Instructions for the task: The result should be the lines from the one that contains "Click on the" to the final line of the entries below, copied exactly and with no pictures.

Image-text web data
▬▬▬▬▬▬

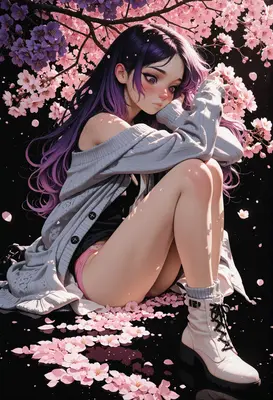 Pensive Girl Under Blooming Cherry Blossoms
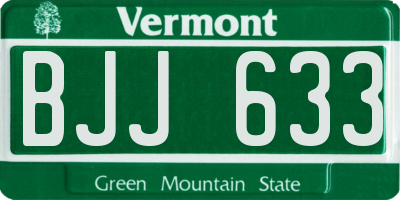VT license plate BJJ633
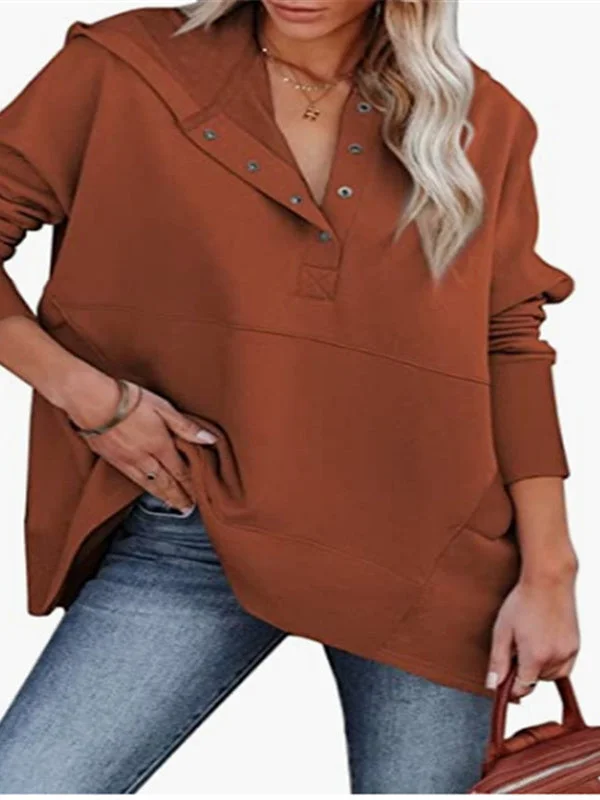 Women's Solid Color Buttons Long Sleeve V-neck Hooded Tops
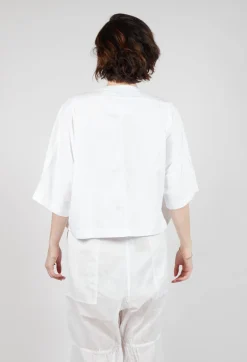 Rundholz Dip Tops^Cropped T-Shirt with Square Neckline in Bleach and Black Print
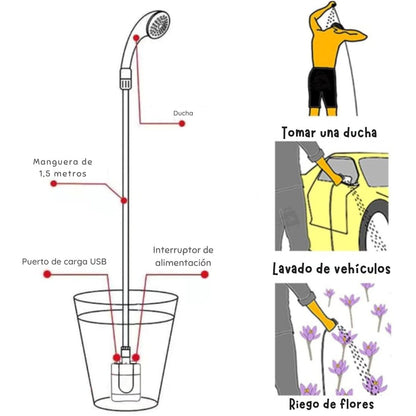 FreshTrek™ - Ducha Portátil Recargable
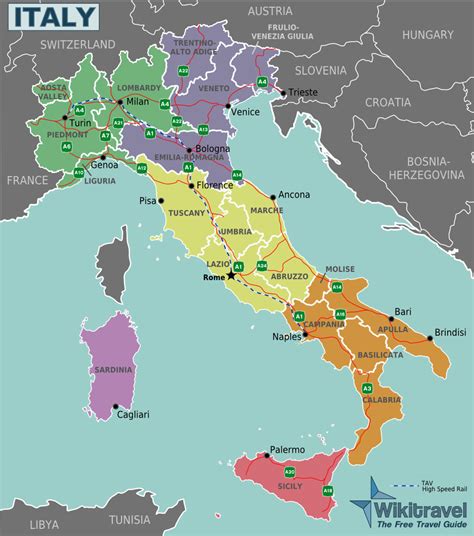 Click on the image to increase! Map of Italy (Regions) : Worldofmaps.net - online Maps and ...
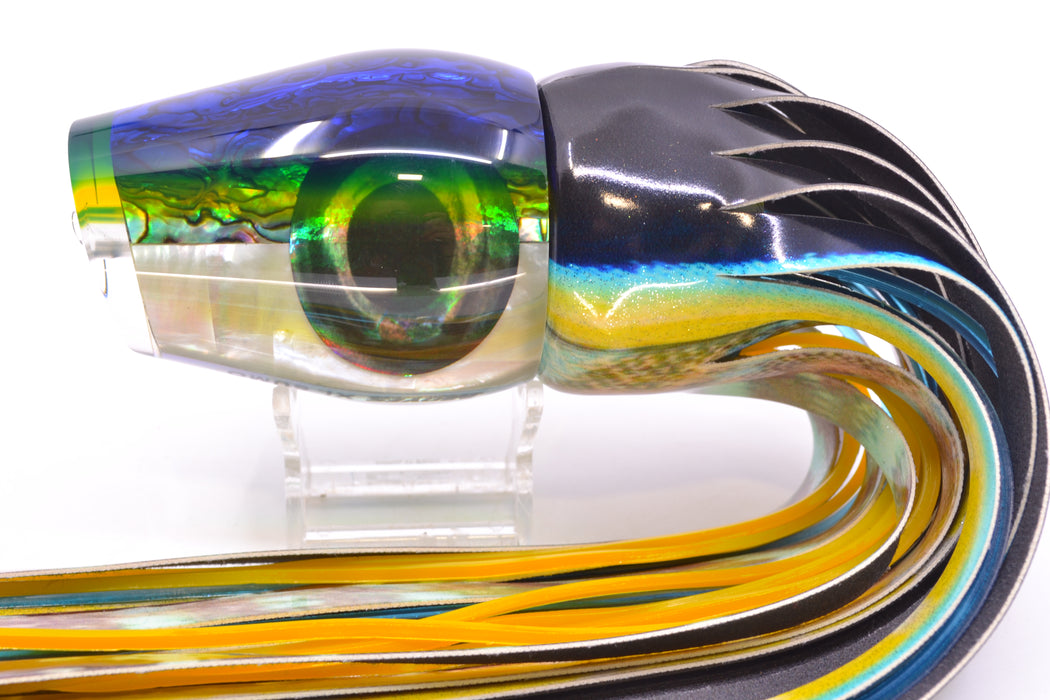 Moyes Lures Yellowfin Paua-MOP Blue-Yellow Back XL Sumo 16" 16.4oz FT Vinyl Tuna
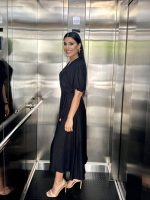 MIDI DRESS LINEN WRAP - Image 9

▬▬▬▬▬▬

Solution:
 Click on the image to increase! Map of Italy (Regions) : Worldofmaps.net - online Maps and ...
 Moyes Lures Yellowfin Paua-MOP Blue-Yellow Back XL Sumo 16" 16.4oz FT Vinyl Tuna
 MIDI DRESS LINEN WRAP - Image 9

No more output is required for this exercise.